Principais aspectos relacionados ao usufruto e à partilha de bens que o envolve.

O usufruto é o direito de usar e gozar de coisa alheia sem destruir a sua substância.

O titular do usufruto é  o fructuarius,  o proprietário da coisa sujeita ao usufruto dominus proprietatis.

O usufruto, que diferia da locação por constituir numa cessão das faculdades de uso e do gozo e não do simples exercício delas e, sobretudo, por ser um direito real, pode constituir-se apenas sobre coisas inconsumíveis , móveis ou imóveis; escapando-se as coisas consumíveis por ser impossível preservar a sua substância. Quanto aos bens imóveis é inegável que a sua constituição deverá se dar com o registro no cartório competente.O usufrutuário tem o direito  de usar e adquirir os frutos naturais e civis da coisas respeitado sempre a sua conformação e atual destinação econômica. Os frutos naturais ele adquirira pela percepção e não por separação dos frutos civis, dia a dia.

Segundo lição de Maria Helena Diniz “o usufruto não é restrição ao direito de propriedade, mas sim à posse direta que é deferida a outrem que desfruta do bem alheio na totalidade de suas relações, retirando-lhes os frutos e utilidades que ele produz. Perde o proprietário do bem o jus utendi e o fruendi que são poderes inerentes ao domínio, porém não perde a substância, o conteúdo de seu direito de propriedade que lhe fica na nua propriedade.” (Curso de Direito Civil Brasileiro Direito das Coisas - p. 410 Saraiva 22ª edição - 2007).

O usus  é o direito de usar da coisa alheia na medida dos próprios interesses e nas da família. O usuário não pode perceber os frutos, sequer ceder o exercício de seu direito. Mas Justiniano alargou esses direitos do usuário, admitindo que ele pudesse perceber os frutos para alimentar a si próprio e sua família.

Além do usufruto convencional, fala-se num usufruto legal. O  usufruto legal é instituído por lei, para a proteção de determinadas pessoas que se encontram em presumível estado de vulnerabilidade. A título de exemplo, o artigo 1689 do Código Civil determina que os pais sejam usufrutuários em relação aos filhos menores, em virtude do poder familiar. 
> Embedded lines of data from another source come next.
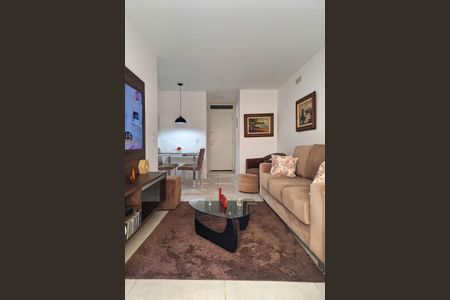 Apartamento à venda com 62m², 2 quartos e 1 vagaSala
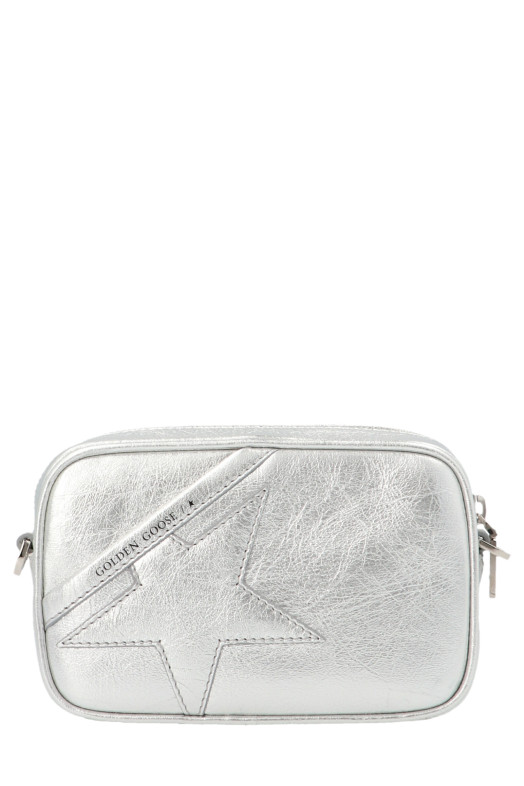 'Mini star' crossbody bag Silver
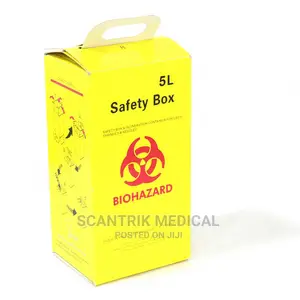 Workplace Safety Box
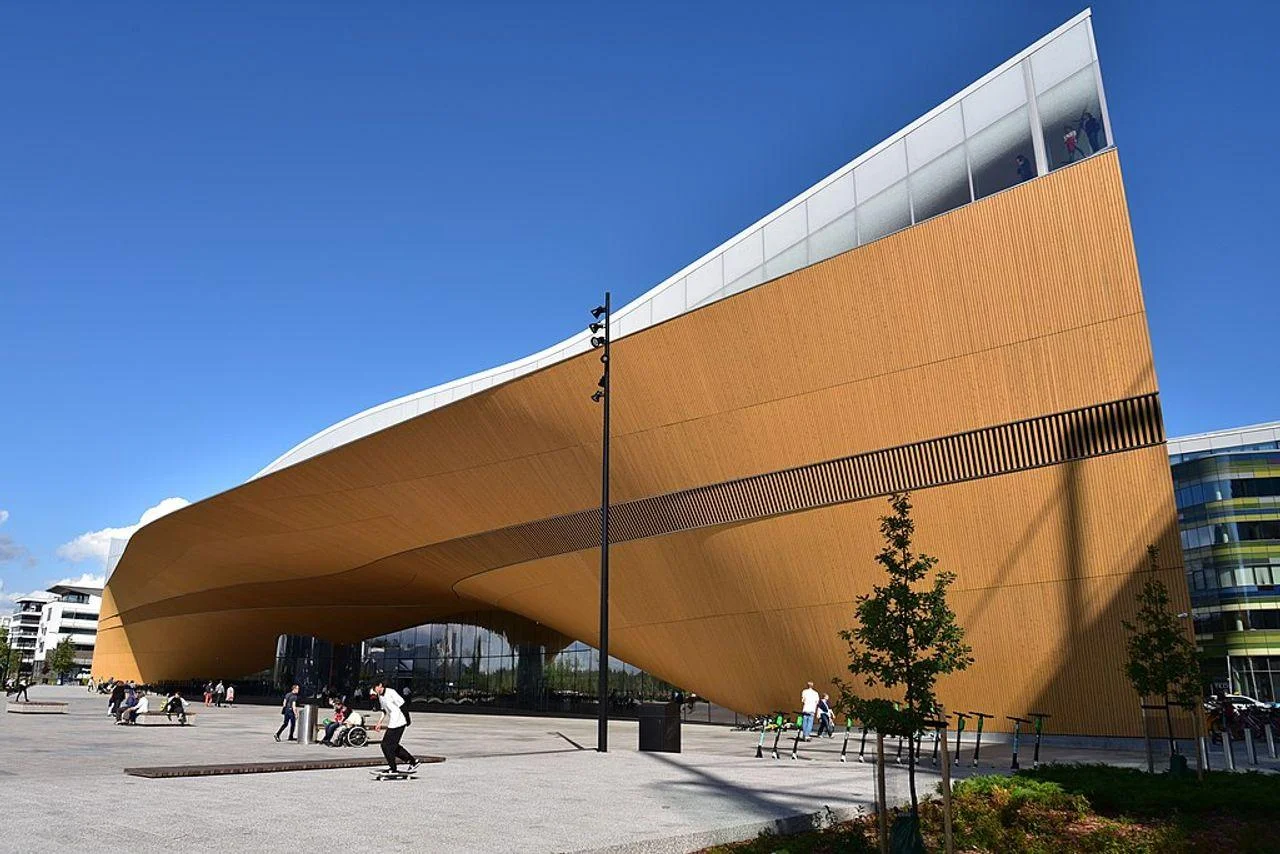 Oodi Central Library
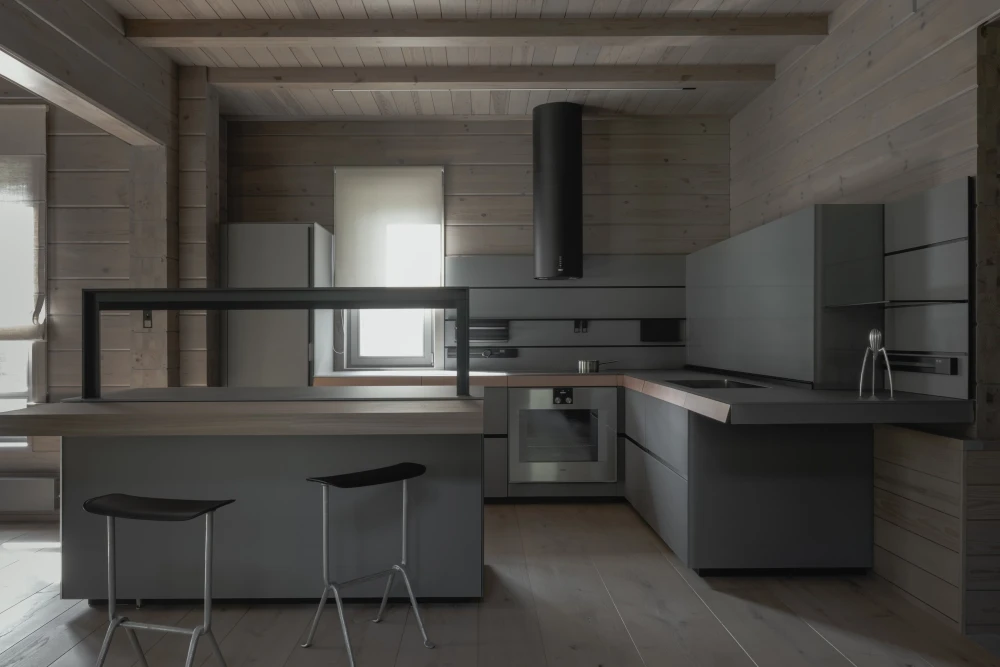 Дизайн загородного дома фото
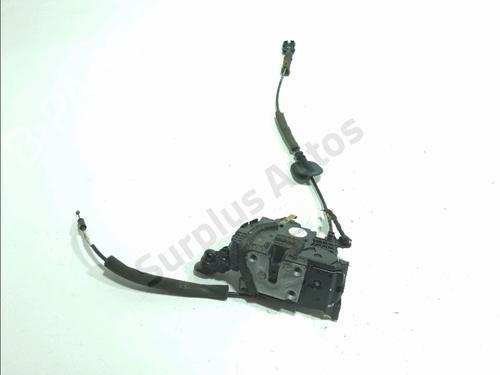 Front left lock RENAULT CAPTUR I (J5_, H5_) 1.5 dCi 90 (J5N4, J5M5, J5MW, J5M6, J5AL, J5AJ) | BP33949914C98 - Image 2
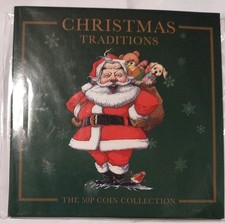 2021 Christmas Traditions 50p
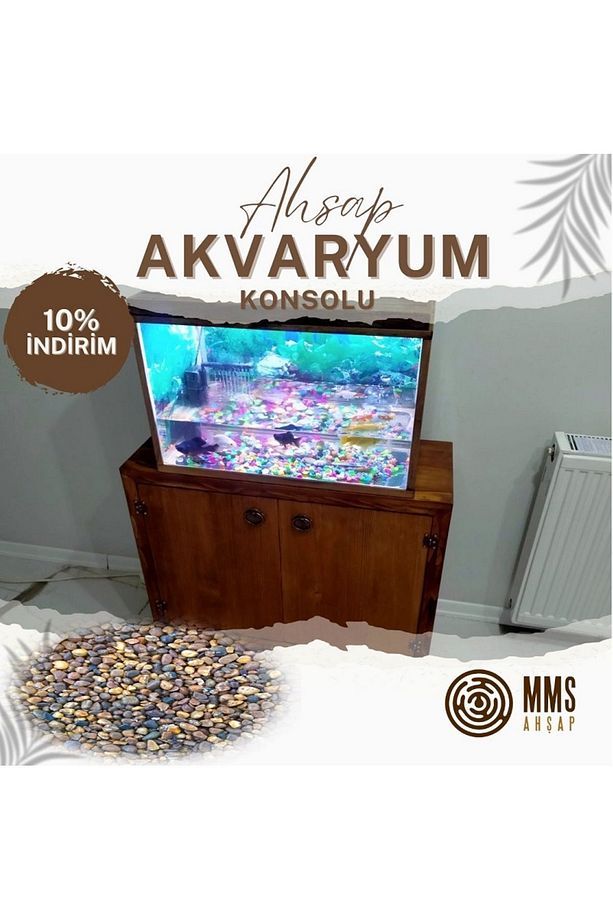 AKVARYUM KONSOLU - 1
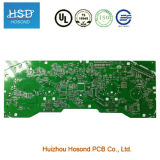 Double-Side Printed Circuit Board with OSP (HXD46C6112)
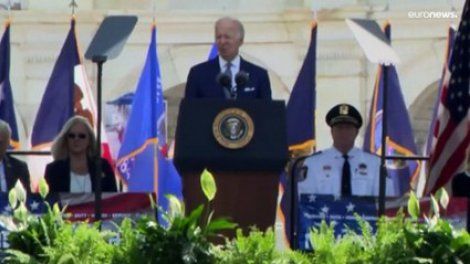 Fusillade de Buffalo : Joe Biden se rendra su place mardi
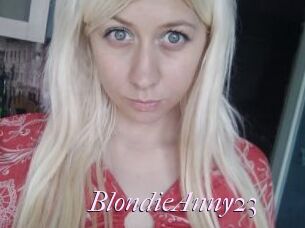 BlondieAnny23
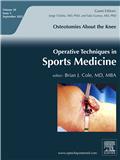 Operative Techniques in Sports Medicine《运动医学的手术技巧》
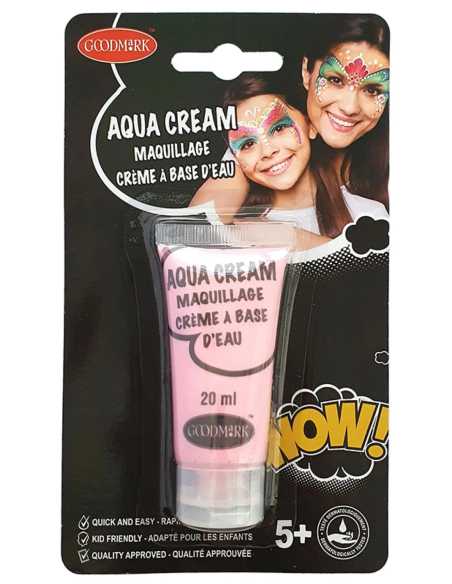 Crème de maquillage rose à l’eau — Halloween, Carnaval & Cosplay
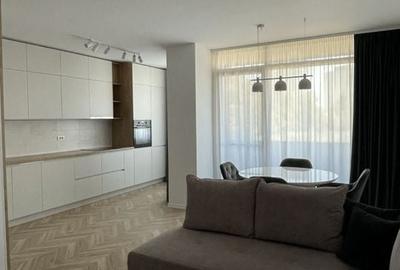 Apartament 2 camere – Nord One Botanic, Etaj 1/9 – Prima închiriere - 3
Se o usufruto foi constituído por pessoa que não tinha a propriedade do bem, ou que a tinha porém já havia gravado o bem, de modo a não mais poder constituir usufruto, a constituição desse direito real é ineficaz. 

O usufrutuário não tem direito de dispor(alienar ou gravar). Quando o dono do bem constitui o usufruto não dispõe do gozo e do fruto. Todavia, pode o usufrutuário dispor do que foi inventariado como pertença sujeita a desgaste(instrumentos agrícolas deterioráveis, máquinas de utilização) e então ocorre ato de disposição da coisa alheia, em nome próprio, sem que se possa pensar em representação do dono pelo usufrutuário, mas, se aliena o que não se gasta com o uso, ou não podia alienar, segundo o ato constitutivo registrado, aliena coisa alheia, sem poder de disposição e o ato de disposição é ineficaz.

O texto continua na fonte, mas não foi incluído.